Do you configure standard or advanced visibility (ES)?
Can you check visibility latencies (server metrics) around this executions completion time (also check visibility store and also check history and ES logs too.
histogram_quantile(0.95, sum(rate(task_latency_bucket{operation=~"VisibilityTask.*", service_name="history"}[1m])) by (operation, le))
I assume if you run
tctl wf desc -w <wfid> -r <runid>
you will see it as completed as well. seems completion update failed to be written to visibility for some reason.
We are using stantard visibility, stored in Cassandra. The Temporal version is 1.18.4.
This is how the requested graph looks like around the time of the workflow:
The first green line marks the time workflow was halfway done and the first red line is around the time the workflow was closed, according to the times in the UI.
Here’s the output of the tctl
command for this particular workflow (yes, it shows completed status):
./tctl --address <addr>:7233 wf desc -w "Jh65n4CJNyUqhSkc/0"
{
"executionConfig": {
"taskQueue": {
"name": "WorkflowRunner",
"kind": "Normal"
},
"defaultWorkflowTaskTimeout": "10s"
},
"workflowExecutionInfo": {
"execution": {
"workflowId": "Jh65n4CJNyUqhSkc/0",
"runId": "394e4e02-a3f8-4eaa-813d-1d579ae18db4"
},
"type": {
"name": ""
},
"startTime": "2023-01-25T13:02:34.680222961Z",
"closeTime": "2023-01-25T13:05:22.503776559Z",
"status": "Completed",
"historyLength": "113",
"memo": {
},
"searchAttributes": {
"indexedFields": {
"BinaryChecksums": "[\"7338b8b8d0c371f416f788c76533c44b\"]"
}
},
"autoResetPoints": {
"points": [
{
"binaryChecksum": "7338b8b8d0c371f416f788c76533c44b",
"runId": "394e4e02-a3f8-4eaa-813d-1d579ae18db4",
"firstWorkflowTaskCompletedId": "4",
"createTime": "2023-01-25T13:02:34.957424254Z",
"resettable": true
}
]
},
"stateTransitionCount": "77"
}
}
I checked the history service logs but did not find anything interesting for that particular workflow ID. Can the error logs not be tagged with it? Shall I search for errors around the completion time of the workflow?
We are using stantard visibility, stored in Cassandra
can you check any resource exhausted issues during the same time:
sum(rate(service_errors_resource_exhausted{}[1m])) by (operation, resource_exhausted_cause)
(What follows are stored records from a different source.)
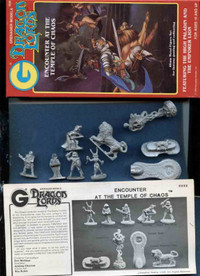 2032 Encounter At The Temple of Chaos AD&D RPG 25mm Metal 1988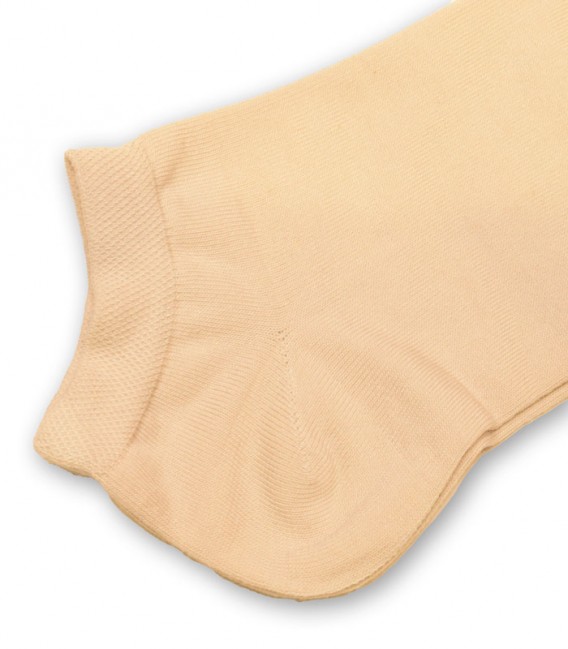 جوراب مچی مردانه آشنا Ashena کد 433 طرح ساده - کرم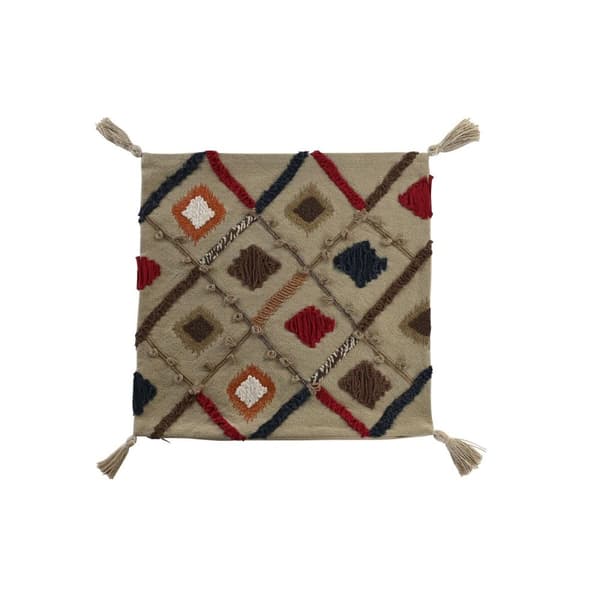 Pudebetræk DKD Home Decor Multifarvet Frynse 50 x 1 x 50 cm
check for any “SystemOverloaded” cause
I couldn’t find such metric, so I used the service_error_with_type
one. There are two types of errors around that time, but I don’t think there is a cause in the metric tags.
- AddWorkflowTask (green)
- RecordWorkflowTaskStarted (brown)
Ok so seems low visibility latencies and no system overloaded. Would re-check history service logs and maybe check your cassandra logs too.
You mentioned you havent experienced this issue since, right?
You mentioned you havent experienced this issue since, right?
Yes, this happened for exactly one workflow and never since.
Today, I noticed that there were some pod restarts of all temporal services (frontend, history, matching, and worker) very close to the time of the issue. Since it is a test environment, I haven’t configured any horizontal scaling, so the services were not being restarted gracefully - there was a period of downtime for each one of them. Can that be related to my issue?
Edit: Actually, everything in the Kubernetes cluster was being restarted at some point, including the Cassandra. This was caused by an upgrade to a higher cluster version.
Edit (2): I guess that kind of settles what happened. I will configure proper horizontal scaling for the temporal services and test such scenarios again before deploying to production. Is there a way to manually fix the current workflow, so that it doesn’t show as running?